* [Required action]: Give back the whole listing exactly as written, leaving out each picture.

* [Available data]:
^^^^^^^^^^^^^^^^

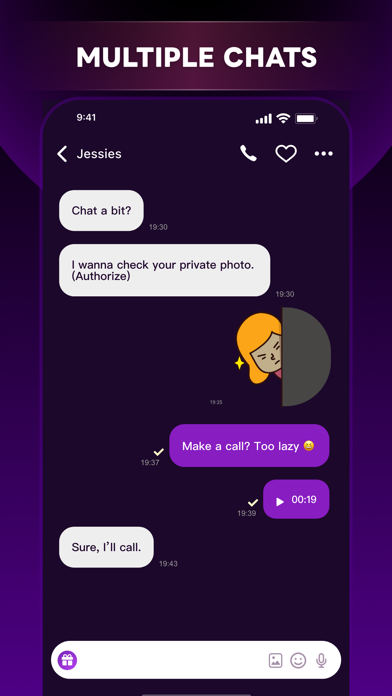 JD JustDating App 스크린샷 7
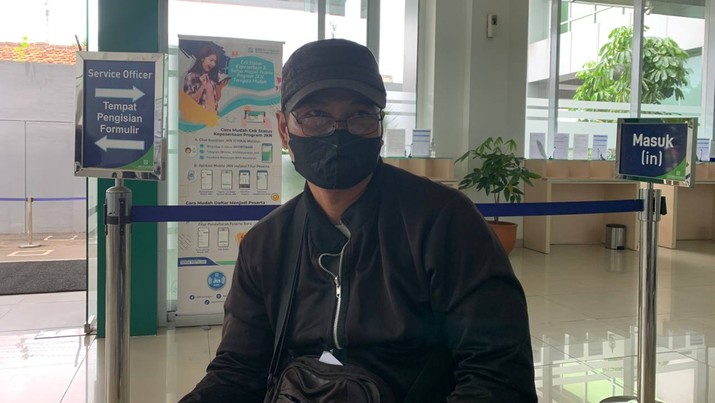 BPJS Kesehatan. (Dok. BPJS Kesehatan) BPJS Kesehatan. (Dok. BPJS Kesehatan)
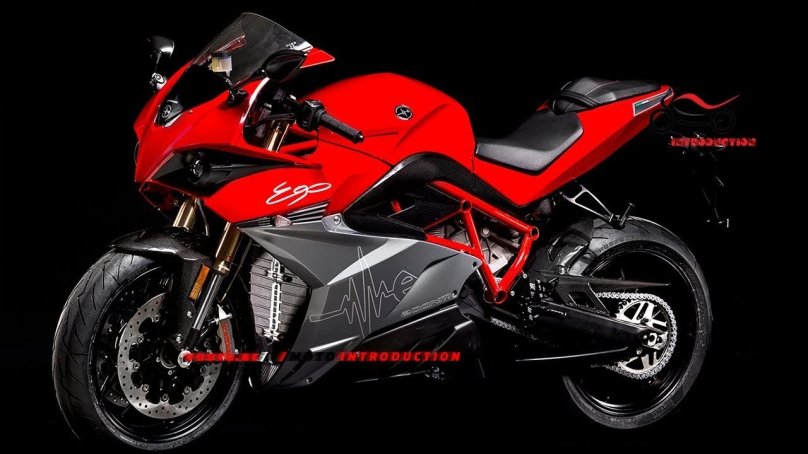 Будущее мотоциклы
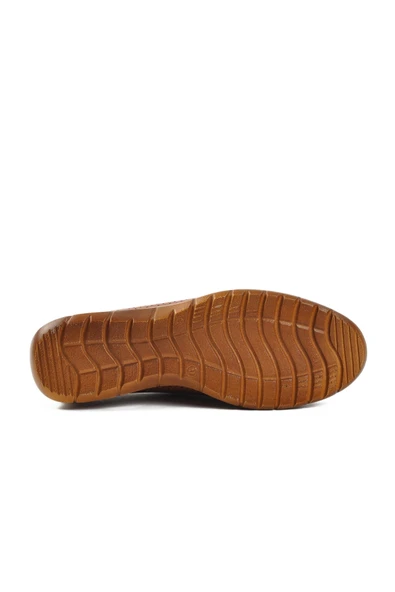 Ayakmod Taba  Kadın Günlük Ayakkabı 78 Z - Resim 5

^^^^^^^^^^^^^^^^

* [Exercise result]:
 JD JustDating App 스크린샷 7
 BPJS Kesehatan. (Dok. BPJS Kesehatan) BPJS Kesehatan. (Dok. BPJS Kesehatan)
 Будущее мотоциклы
 Ayakmod Taba  Kadın Günlük Ayakkabı 78 Z - Resim 5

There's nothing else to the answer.